Seconds before the defense closed its case, state attorneys had just finished with their final witness, Lorraine Heath, a DNA analyst at the Washington State Patrol Crime Laboratory in Cheney. She testified for close to three hours about the DNA evidence linking Donna Perry, then Douglas Perry, to two of the three victims, Yolanda A. Sapp and Kathleen A. Brisbois.

Before Perry underwent sex reassignment surgery in Thailand in 2000, prosecutors allege she killed three prostitutes in 1990 who worked on Spokane’s East Sprague Avenue. Heath testified that Perry’s DNA was found underneath one of Brisbois’ fingernails and also was a 1-in-3 match to DNA found in her genitals.

In conjunction with the DNA on her fingernail, which was a match of 1 in 796 sextellion – or 21 zeroes – Heath told jurors it was likely the DNA in both instances belongs to Perry.

“Taken together on the same person, it adds more weight in my mind because we have a 1-in-3 match, and we have things that are more concordant in that individual,” she said. “It lends more weight when taken altogether.”

During cross-examination, defense attorney Pat Donahue attempted to cast doubt over the accuracy of the lab’s findings by introducing several instances of DNA contamination linked to the Cheney crime laboratory, two of which occurred during DNA collection in the Perry case.

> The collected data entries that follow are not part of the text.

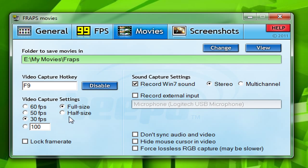To record full size you'll need a pretty decent computer — Fraps is a really intensive program. If your computer is not so great and it's starting to lag, just choose half size. Quality is still good, just not quite as good as full size. Leave that other option. 'Record Windows 7 sound' — I have it checked, up to you. And external input is just your mic. I don't use that; I use separate software for that — so again, that's personal preference.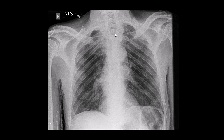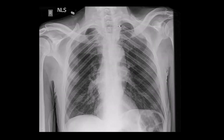The main finding here is some widening of the superior mediastinum, in particular on the left. While this could be secondary to vascularity, it does raise suspicion of the possibility of a mass or adenopathy, especially in the left more so than right paratracheal region.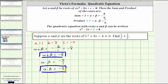One more thing to point out: if we have a quadratic equation in this form where the leading coefficient is one, the sum of the roots can be determined by taking the opposite of the coefficient of x — here that's negative eight. And the product of the roots can be found using the constant term, which is negative four. But this only works when the leading coefficient is one.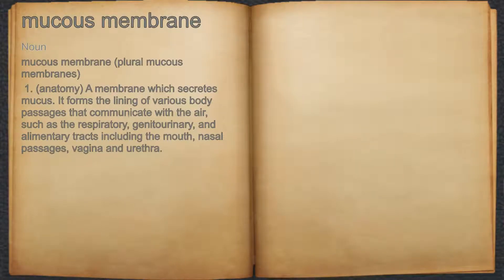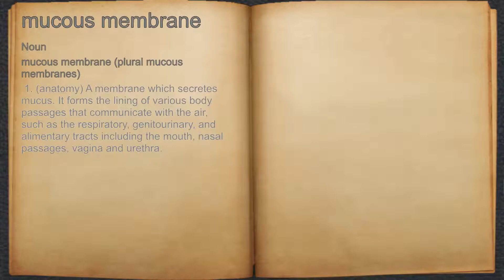Mucous Membrane. Noun. Anatomy: a membrane which secretes mucus. It forms the lining of various body passages that communicate with the air, such as the respiratory, genitourinary, and alimentary tracts, including the mouth, nasal passages, vagina, and urethra.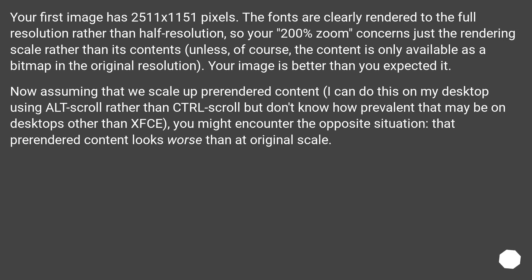Your first image has 2511×1151 pixels. The fonts are clearly rendered to the full resolution rather than half resolution, so your 200% zoom concerns just the rendering scale rather than its contents — unless the content is only available as a bitmap in the original resolution. Your image is better than you expected. Now assuming that we scale up pre-rendered content, I can do this on my desktop using alt-scroll rather than ctrl-scroll, but I don't know how prevalent that may be on other desktops.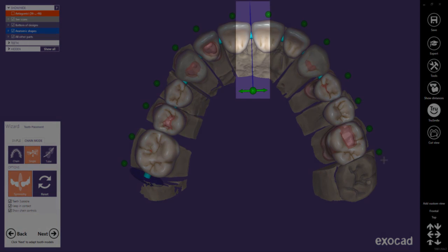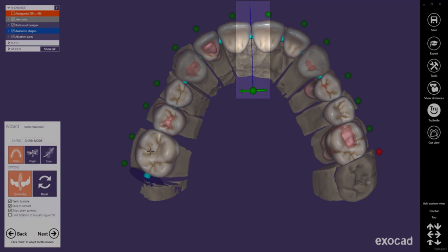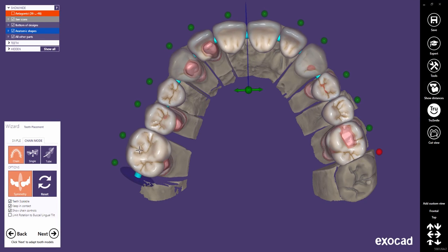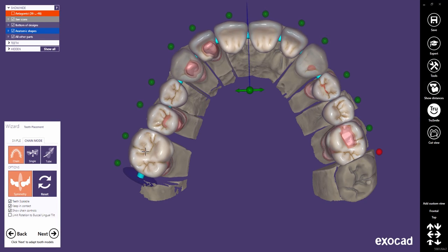Important note: as long as the control point for the symmetry plane is green — not locked — the plane may change its position within the tooth bow.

One sample was contaminated by an analyst who stopped working at the lab in 2012, and another by an analyst in Seattle, whose profile was found in a sample once it was tested in Cheney. Heath testified that neither case happened with direct evidence, and instead was found in control samples.

Heath also told jurors that, on average, each lab has about two cases of contamination a year, and that most of the past instances were minor and didn’t impact the case overall.

Based on previous testimony, prosecutors theorize Perry killed the three women while her girlfriend was incarcerated in the spring and summer of 1990. Jurors heard from a jailhouse snitch who said Perry told him in detail about previous killing sprees. They also heard from a fingerprint specialist who linked Perry to a bottle of lubricant owned by Nickie I. Lowe.

On Wednesday, they watched a 2012 interview with detectives in which Perry denied killing the three women.

State and defense attorneys are expected to deliver closing arguments on Tuesday.